In der Geschichte der Ausbreitung des Christentums blieb die lateinische Übersetzung „evangelizare“ (Vulgata) zwar erhalten, doch man nutzte andere Begriffe für den Missionsauftrag Jesu, mit dem alle vier Evangelien enden und zugleich einen neuen Anfang setzen (etwa Mt 28,18–20). Die große Variationsbreite, in der das Mittelalter von praedicatio, propagatio, promulgatio, conversio u. a. sprach, wurde in der Frühen Neuzeit vom Neologismus „Mission“ abgelöst, der dem jesuitischen Milieu entstammte und von der römischen Kongregation De propaganda fide übernommen wurde. Der führende Missionstheoretiker des 16. Jh. in Peru, José de Acosta, entfaltete in seinem Handbuch De procuranda Indorum salute (1588) parallel zum Missionsbegriff eine „neue Methode der Evangelisierung“, die auf dem guten Beispiel und der Integrität des Lebens beruht sowie die Kenntnis der jeweiligen Sprachen und Kulturen fordert. Doch erst auf dem Zweiten Vatikanischen Konzil wurde E. als Leitwort wiederentdeckt und offiziell dem Missionsbegriff an die Seite gestellt, der durch die Dekolonisation in der Mitte des 20. Jh. kontrovers debattiert wurde. Die protestantische Sprachtradition kennt analoge Begriffe wie „Evangelisation“ oder „evangelism“. Im Prozess der E. sollen die Kirche und die Gläubigen sich durch den gesandten Logos und den Hl.
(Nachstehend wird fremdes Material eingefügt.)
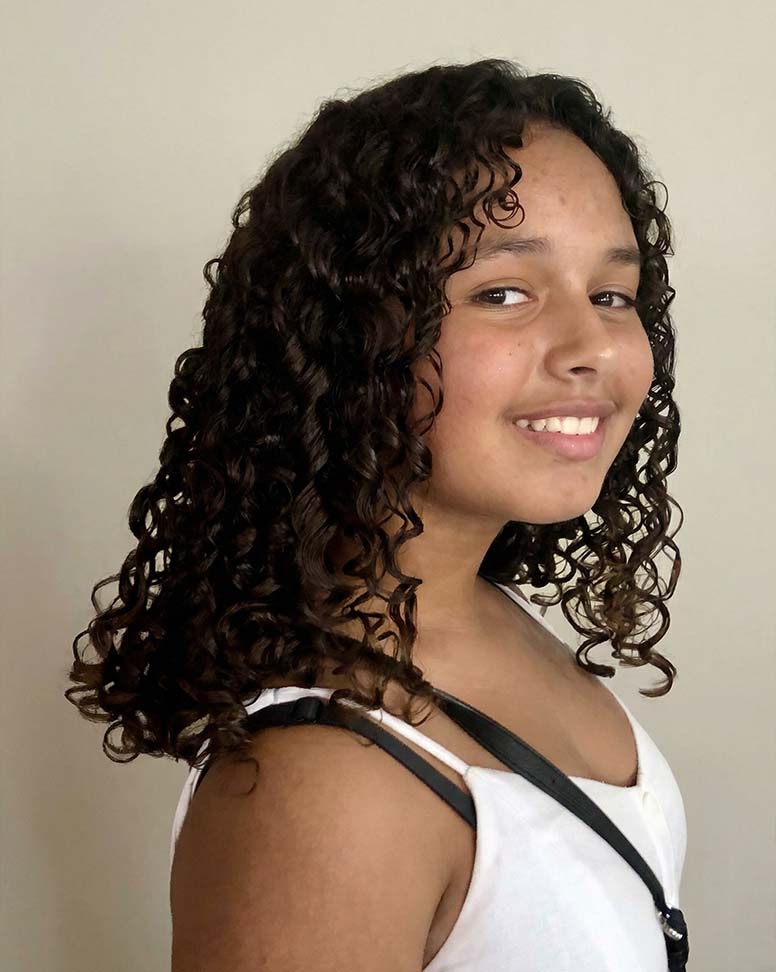 Defined, bouncy curls shaped with care and precision.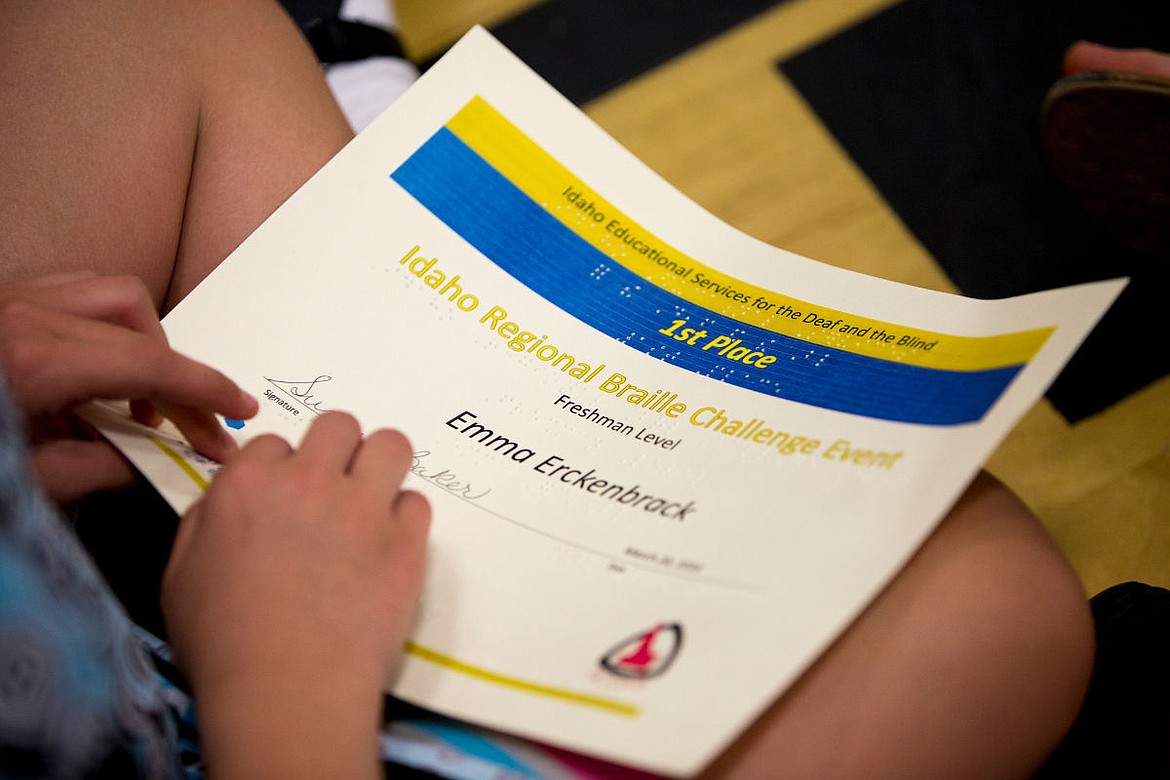 &lt;p&gt;Emma Erckenbrack runs her hands over her first place Idaho Regional Braille Challenge award certificate on Tuesday to read the braille on it.&lt;/p&gt;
Geist selbst evangelisieren (lassen), um aus dieser Dynamik durch Zeugnis und Wort ad extra zu evangelisieren. Ein entscheidendes Moment in der longue durée und der andauernden Ausbreitung des Christentums besteht in dieser Dialektik der Selbst(-E.) und der E. „bis an die Grenzen der Erde“ (Apg 1,6).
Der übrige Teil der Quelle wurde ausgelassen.